▶ Dataset excerpt:
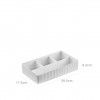 Organizador Lova 4 Divises 29.5X17.5X6.2cm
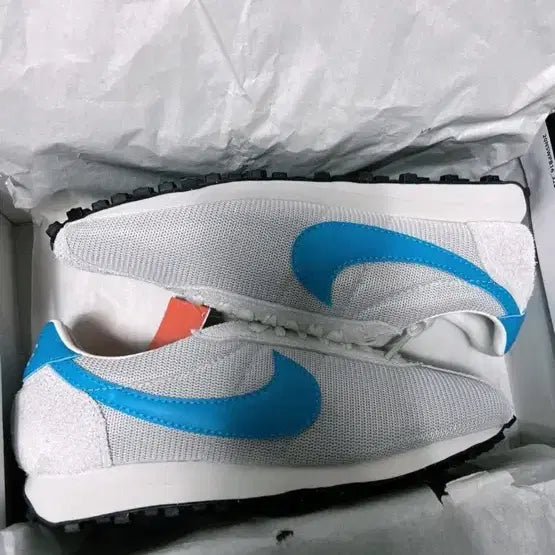 [BUNJANG] Nike LD-1000 Gray & Sky Blue Sneakers / (정품 새제품) 나이키 그레이&하늘 스니커즈 (사이즈 250~275까지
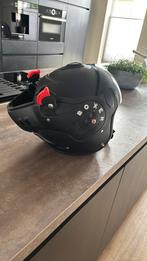 Boxer helm v8 zwart, Fietsen en Brommers, Ophalen, Zo goed als nieuw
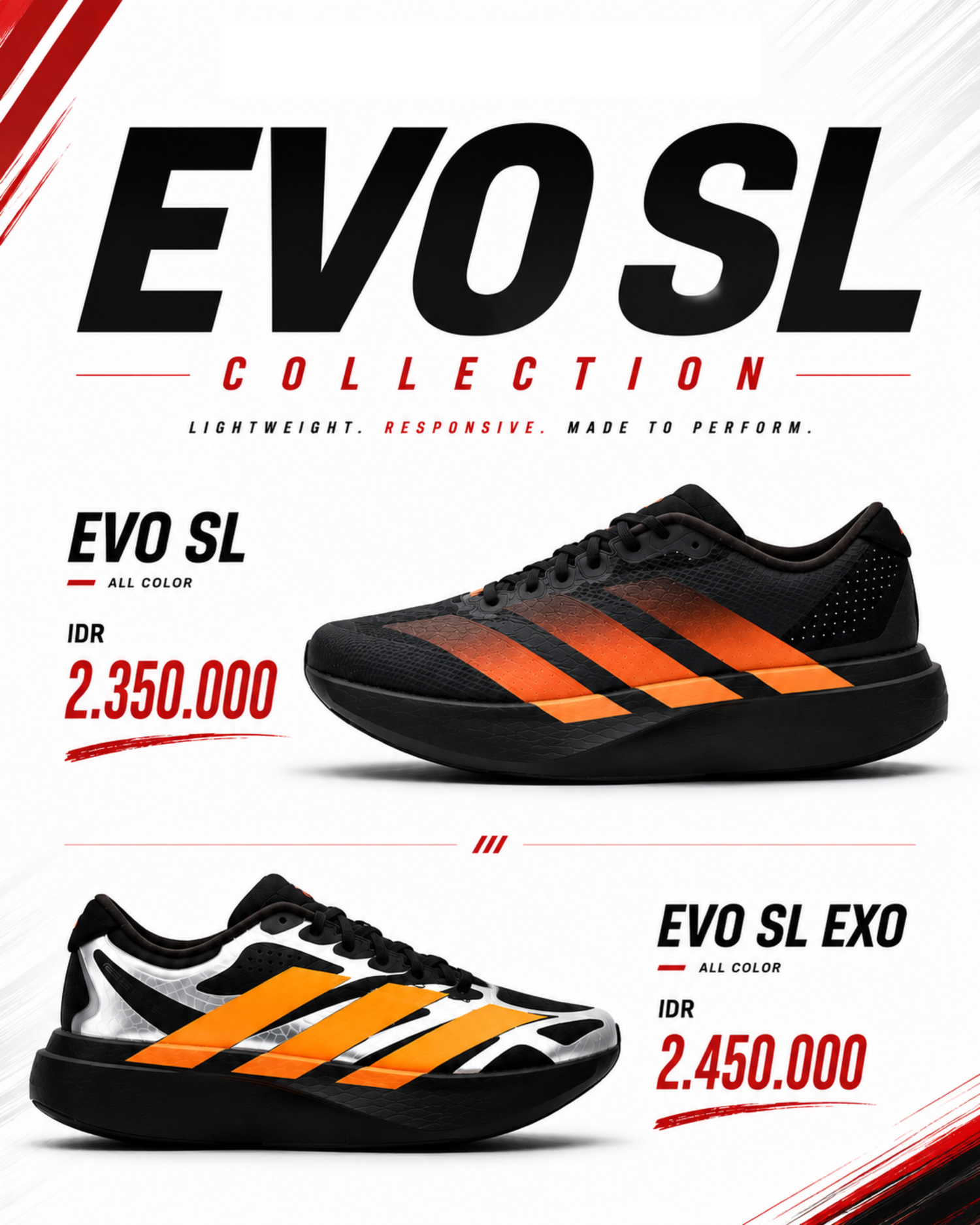 Adizero Evo SL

▶ What you are asked to do: Please write out the lines from the one that holds "Boxer helm v8" through the end of the material, both ends included, exactly and with no pictures.

▶ Exercise output:
 Boxer helm v8 zwart, Fietsen en Brommers, Ophalen, Zo goed als nieuw
 Adizero Evo SL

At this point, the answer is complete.